▶ [TO DO]
From the line containing "Le monde de demain du 03 novembre 2020" to the end of the records, print every line exactly, both ends included, and leave out the pictures.
WORKING DATA START
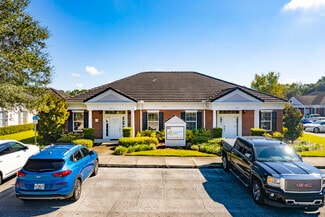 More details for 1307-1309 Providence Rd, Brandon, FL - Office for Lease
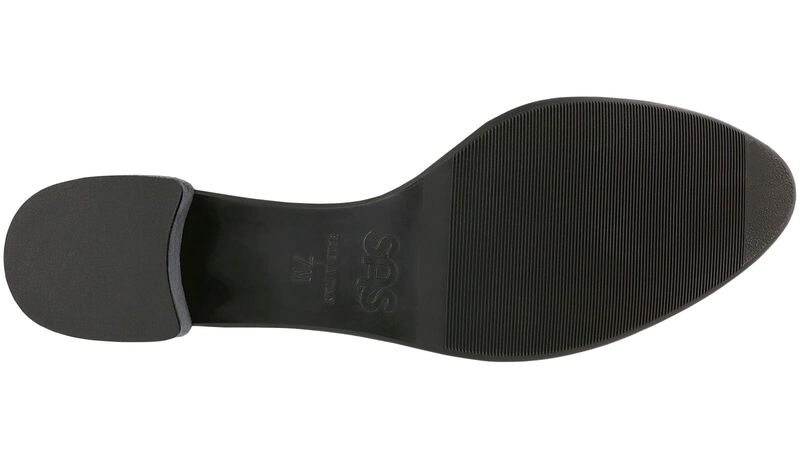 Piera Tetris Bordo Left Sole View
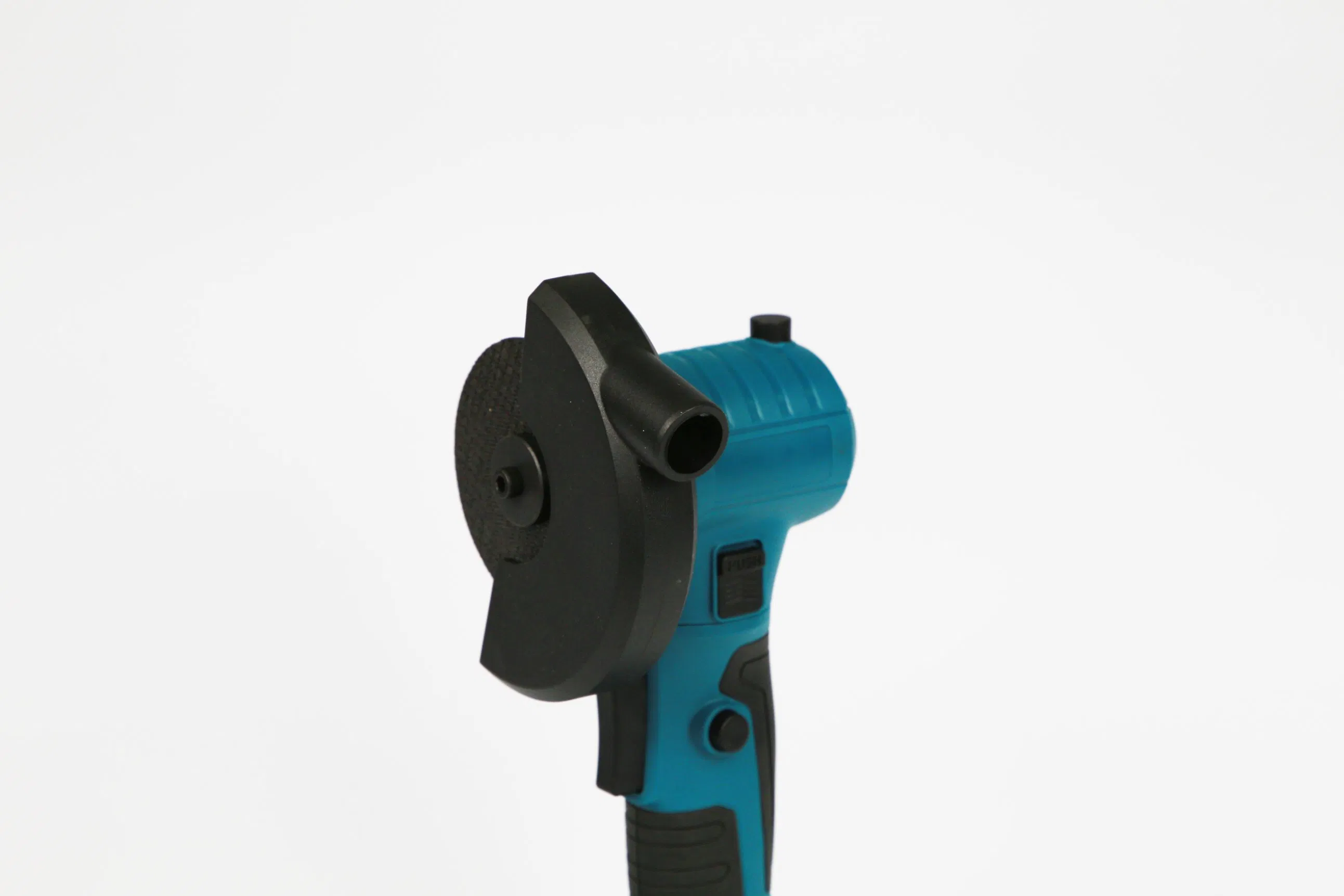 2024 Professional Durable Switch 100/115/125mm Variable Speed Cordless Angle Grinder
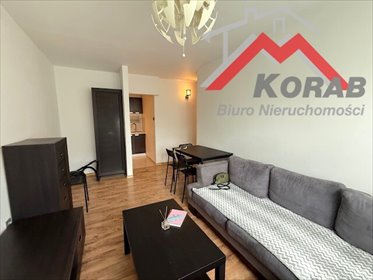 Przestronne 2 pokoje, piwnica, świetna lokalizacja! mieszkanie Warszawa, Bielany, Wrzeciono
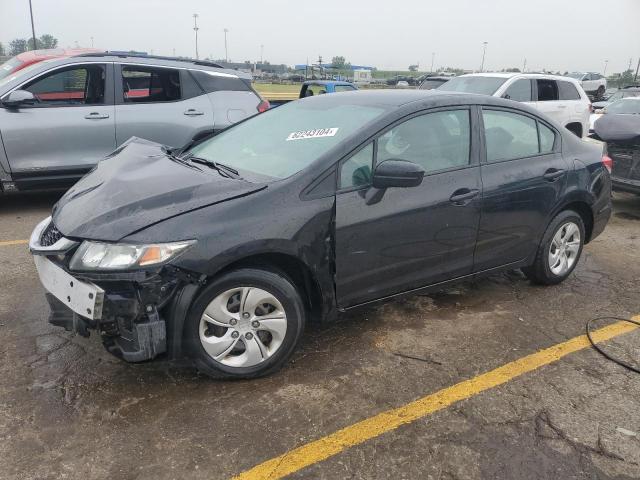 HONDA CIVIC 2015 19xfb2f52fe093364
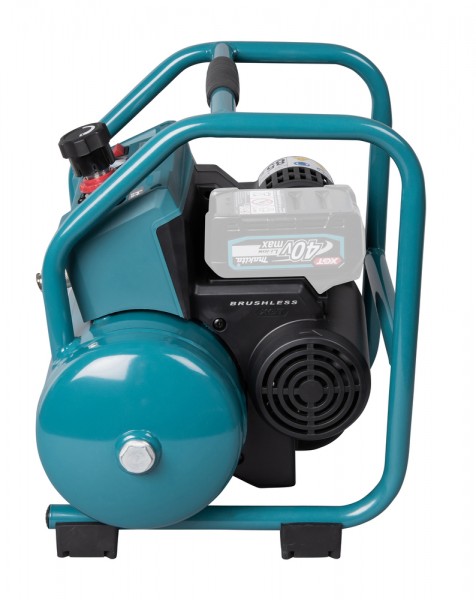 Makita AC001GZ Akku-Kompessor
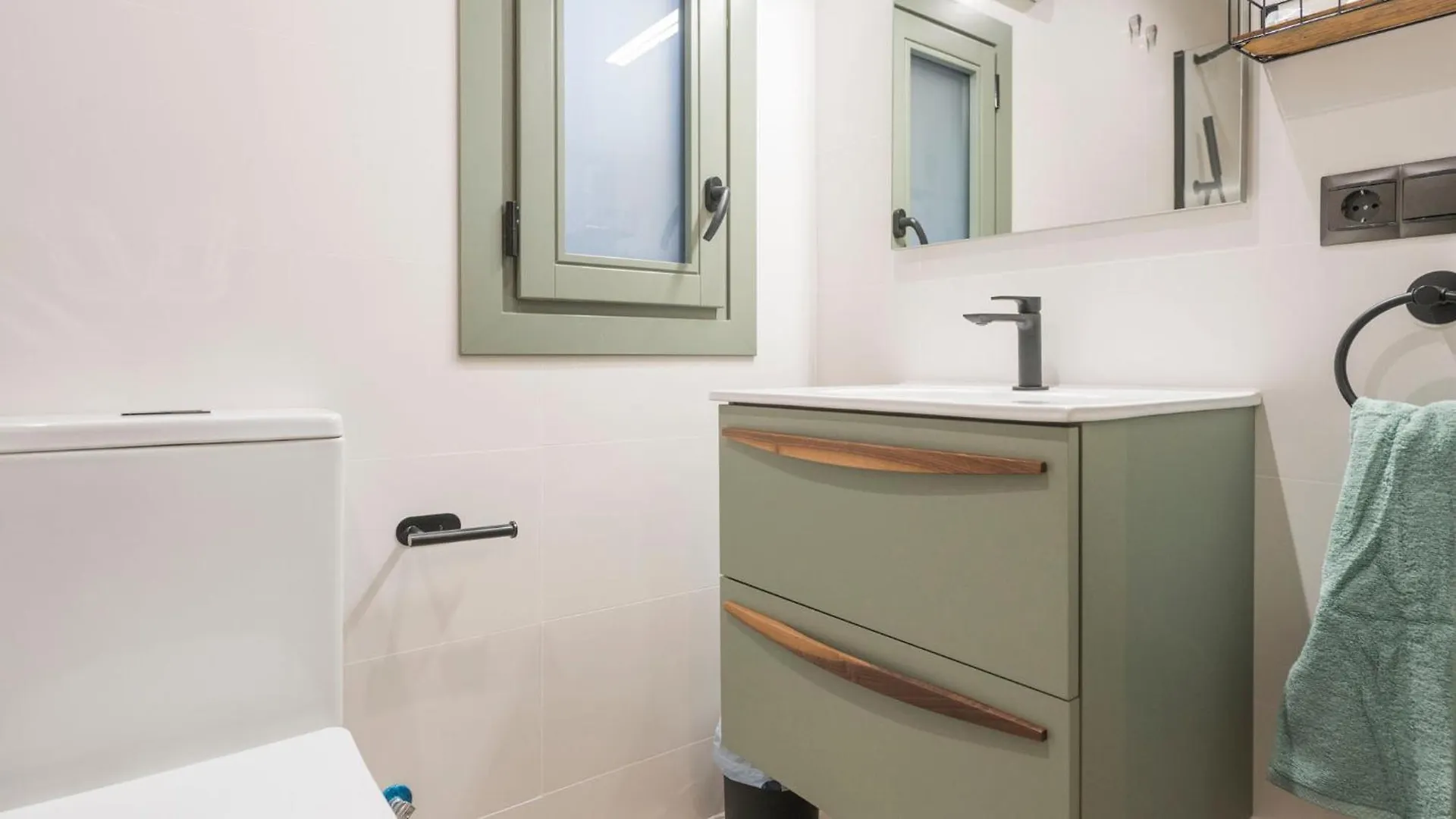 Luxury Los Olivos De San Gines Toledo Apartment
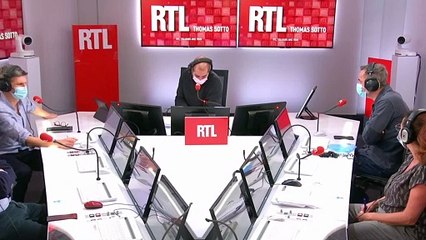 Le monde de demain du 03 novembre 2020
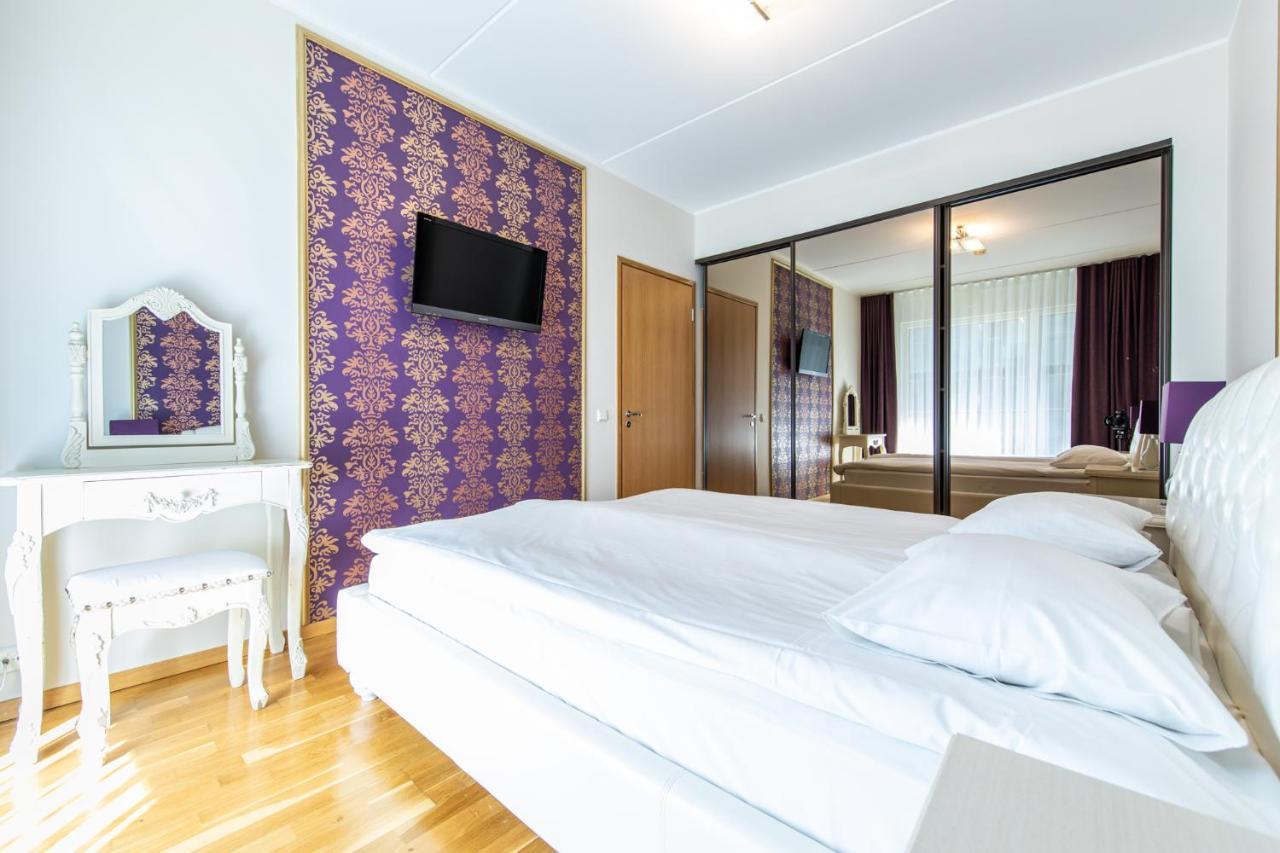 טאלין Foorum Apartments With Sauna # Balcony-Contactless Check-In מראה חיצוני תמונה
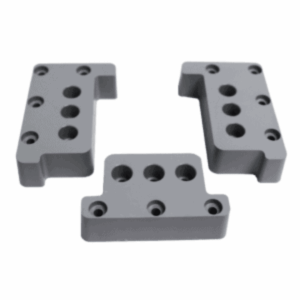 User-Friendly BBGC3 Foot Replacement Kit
WORKING DATA END
▶ [SOLVED EXERCISE]
 Le monde de demain du 03 novembre 2020
 טאלין Foorum Apartments With Sauna # Balcony-Contactless Check-In מראה חיצוני תמונה
 User-Friendly BBGC3 Foot Replacement Kit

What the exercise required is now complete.